Accordingly, Canadian courts have established five tests to consider when attempting to determine whether a dependent contractor relationship exists between an agent and his or her principal:
- Exclusivity: Whether or not the agent was limited to serving the principal exclusively;
- Control: Whether or not the agent was subject to the control of the principal, not only as to the product or service sold, but also as to when, where and how it was sold;
- Tools: Whether or not the agent had an investment or interest in what are characterized as the “tools” relating to his or her service;
- Risk: Whether or not the agent had undertaken any risk in the business sense or, alternatively, had any expectation of profit associated with the delivery of his or her service as distinct from a fixed commission;
- Organization: Whether or not the activity of the agent was part of the business
organization of the principal for which he or she worked. In other words, whose business was it?
The Ontario Court of Appeal’s recent decision in Thurston v. Ontario (Children’s Lawyer) shed further light on the exclusivity test. Thurston was a lawyer who provided legal services to the Office of the Children’s Lawyer (the “OCL”) in accordance with a series of agreements over a 13-year period. She brought a claim alleging that she was a dependent contractor and was therefore owed 20 months’ notice of termination.
The Court analyzed the terms of the agreement between Thurston and the OCL, which included the following “no guarantee of work” clause:
“The OCL makes no guarantee of the total value or volume of work to be assigned to you.”
The Court rejected Thurston’s argument, mainly on the grounds that the income she received from the OCL only made up 40% of her total billings throughout the duration of her relationship with the OCL. Though the Court sympathized with Thurston’s significant economic loss, such a loss was insufficient to establish exclusivity under the test, or the requisite economic dependency that is at the root of a dependent contractor relationship.
The Court went on to state that “near-exclusivity” status of a contractor requires “substantially more than 50 percent” of one’s business.
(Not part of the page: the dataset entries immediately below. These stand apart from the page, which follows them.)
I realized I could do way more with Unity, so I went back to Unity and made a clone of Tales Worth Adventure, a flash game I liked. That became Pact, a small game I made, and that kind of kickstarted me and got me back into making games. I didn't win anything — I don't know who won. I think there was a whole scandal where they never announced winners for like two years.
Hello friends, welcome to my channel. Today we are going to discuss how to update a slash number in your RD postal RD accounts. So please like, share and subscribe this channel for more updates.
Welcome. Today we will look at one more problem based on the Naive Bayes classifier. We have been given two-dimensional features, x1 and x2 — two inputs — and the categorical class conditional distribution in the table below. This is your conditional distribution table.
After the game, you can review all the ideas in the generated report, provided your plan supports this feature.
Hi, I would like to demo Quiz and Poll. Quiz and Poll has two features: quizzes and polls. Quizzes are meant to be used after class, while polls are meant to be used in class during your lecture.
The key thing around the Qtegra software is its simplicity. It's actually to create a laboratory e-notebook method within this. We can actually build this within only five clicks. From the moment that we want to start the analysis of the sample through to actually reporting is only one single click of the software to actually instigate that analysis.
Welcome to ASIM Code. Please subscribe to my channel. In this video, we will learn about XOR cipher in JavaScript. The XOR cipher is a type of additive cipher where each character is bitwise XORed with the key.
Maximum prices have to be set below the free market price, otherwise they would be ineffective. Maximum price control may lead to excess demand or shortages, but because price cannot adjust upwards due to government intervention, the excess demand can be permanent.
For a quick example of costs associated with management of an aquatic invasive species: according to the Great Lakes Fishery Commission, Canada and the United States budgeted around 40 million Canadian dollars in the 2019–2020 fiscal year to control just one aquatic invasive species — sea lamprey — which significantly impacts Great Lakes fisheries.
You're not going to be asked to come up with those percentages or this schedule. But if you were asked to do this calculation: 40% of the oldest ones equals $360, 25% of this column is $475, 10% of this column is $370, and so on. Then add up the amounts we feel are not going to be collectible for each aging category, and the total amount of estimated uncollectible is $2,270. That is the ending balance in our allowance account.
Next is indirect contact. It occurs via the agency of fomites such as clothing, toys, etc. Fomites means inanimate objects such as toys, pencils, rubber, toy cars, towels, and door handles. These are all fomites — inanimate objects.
This means that an agent cannot claim dependent contractor status unless at least 50% of their billings originate from the principal in question. Even then, Courts will not readily imbue an agent with such status without evidence of substantial economic dependence.
The OCL raised the issue of whether Thurston’s economic dependency was self-induced. Though it was intrigued by the argument, the Court did not affirm or negate it, deciding instead to focus solely on the percentage of Thurston’s billing.
One can anticipate that in future cases, employers may argue that even if evidence of economic dependency rising to the levels of “near-exclusivity” exists, the dependency was self-induced by the agent. Presumably, this is a relevant factor that works against agents attempting to assert dependent contractor status. For now, an agent’s billing percentage could be wholly determinative of the matter.